“Seja o que Deus quiser...”. Esta frase, reveladora dos sentimentos cristãos do nosso povo, deve ser devidamente tratada para não dar origem a comportamentos absurdos e que nada têm a ver com o seu verdadeiro sentido.
Diz a Escritura que o homem foi criado à “imagem e semelhança de Deus” (Gén, 1, 37). Em primeiro lugar, não deve confundir-se esta parecença com a nossa natureza corporal, porque Deus, ser eterno, não é corpóreo como nós. E se a Segunda Pessoa da Santíssima Trindade, a partir de um certo momento – o momento da sua concepção humana – passou a ter um corpo, foi porque assumiu a nossa natureza no seio de Maria Santíssima, como sabemos.

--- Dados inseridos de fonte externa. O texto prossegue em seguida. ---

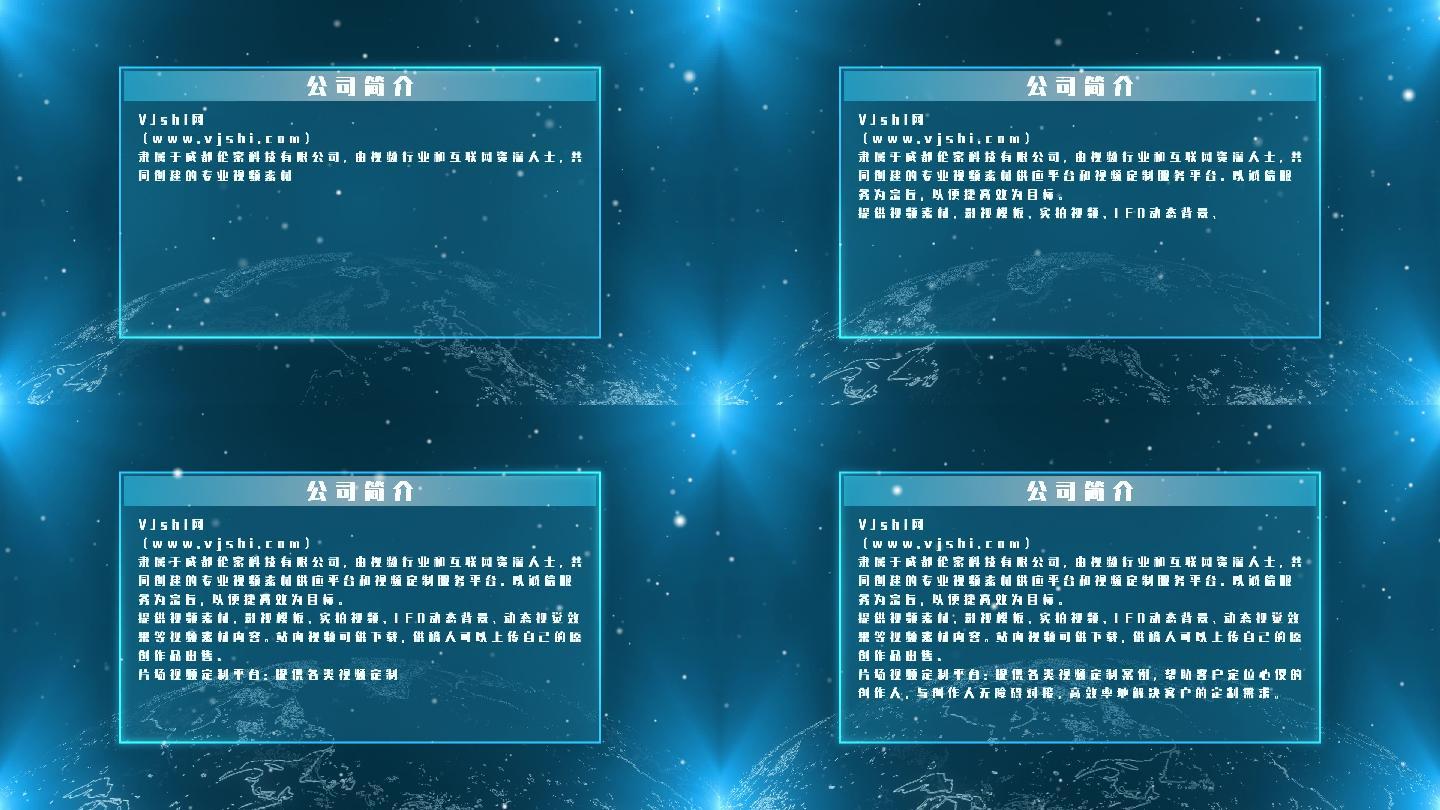【原创】蓝色新闻科技视频文字框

Aquilo que reflecte melhor no homem a semelhança com Deus é a sua conduta como ser livre, isto é, capaz de assumir a responsabilidade dos actos que pratica. Para isso, Deus dotou-o de inteligência e de vontade. Com a primeira capacidade, conhece e compreende as coisas, pelo que pode prever que se resolver proceder dum modo determinado, as consequências de tudo isso poderão ser boas ou más, convenientes ou inconvenientes, justas ou injustas. Com a vontade, auto-determina-se – decide-se por “motu proprio” – a executar ou não o que antes a inteligência lhe apresentou, sendo por isso responsável pela atitude tomada.

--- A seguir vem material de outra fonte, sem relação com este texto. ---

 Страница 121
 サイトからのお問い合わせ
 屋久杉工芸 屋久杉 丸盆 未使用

Além destas duas capacidades, goza ainda de uma outra faceta do seu carácter psicológico que pode determinar a resolução do seu comportamento: a afectividade. Com ela, se aproxima mais do fim dum acto, quando é positivo ou agradável o que vai fazer, ou sentir uma certa relutância ou mais dificuldade na sua execução, se prevê que precisa de lutar com vigor para resolver uma determinada situação. Efectivamente, quando se gosta e aprecia uma coisa, há uma aproximação maior e espontânea dessa mesma coisa; mas se o fim a atingir é difícil, duro, pouco atractivo ou mesmo constrangente, as dificuldades sobrelevam-se. A experiência quotidiana assim nos ensina.

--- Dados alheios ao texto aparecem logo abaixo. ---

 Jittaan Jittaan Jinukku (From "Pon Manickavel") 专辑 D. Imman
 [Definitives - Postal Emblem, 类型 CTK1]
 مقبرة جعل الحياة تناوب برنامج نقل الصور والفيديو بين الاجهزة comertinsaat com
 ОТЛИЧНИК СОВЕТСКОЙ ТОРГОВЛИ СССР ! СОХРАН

Pois bem: com frequência ouvimos ou usamos a expressão “Seja o que Deus quiser”. Em si mesma, ela revela a consciência que temos de que não somos senhores de tudo, pelo que pode acontecer que a nossa boa vontade em algo que estamos encarregados de realizar encontre muitos obstáculos para atingir a perfeita execução dessa tarefa.
Neste sentido, estamos a pedir a Deus que nos ajude a realizá-la da melhor maneira, sem esquecer que o próprio Deus, ao cooperar connosco, quer que cumpramos a nossa obrigação o melhor que pudermos. Conta com a nossa abnegação, interesse, conhecimento e vontade de acertarmos com as medidas que devemos tomar para executar com a maior diligência o que temos entre mãos. Ou seja, Deus auxilia-nos, mas exige da nossa parte uma plena colaboração com os seus fins e propósitos, que são sempre os mais perfeitos.
Pelo que fica dito, a expressão “Seja o que Deus quiser”, não é a mais conveniente quando, a nossa preguiça, o nosso desleixo, o nosso desinteresse e a nossa falta de esforço por efectuar o que devemos, solicita de Deus uma ajuda ou um apoio que supra as deficiências conscientes e, portanto, voluntárias, da nossa conduta. Por outras palavras: eu poderia fazer o que me incumbe de um modo certo e adequado, se cumprisse as minhas obrigações. Mas não estou para isso e acrescento: “Seja o que Deus quiser!”
Deus é perfeito e não patrocina uma acção que, por nossa culpa e determinação, se mostre defeituosa ou até pecaminosa. Quando muito, com a sua misericórdia, é capaz de evitar que aconteçam os males que ela possa ocasionar.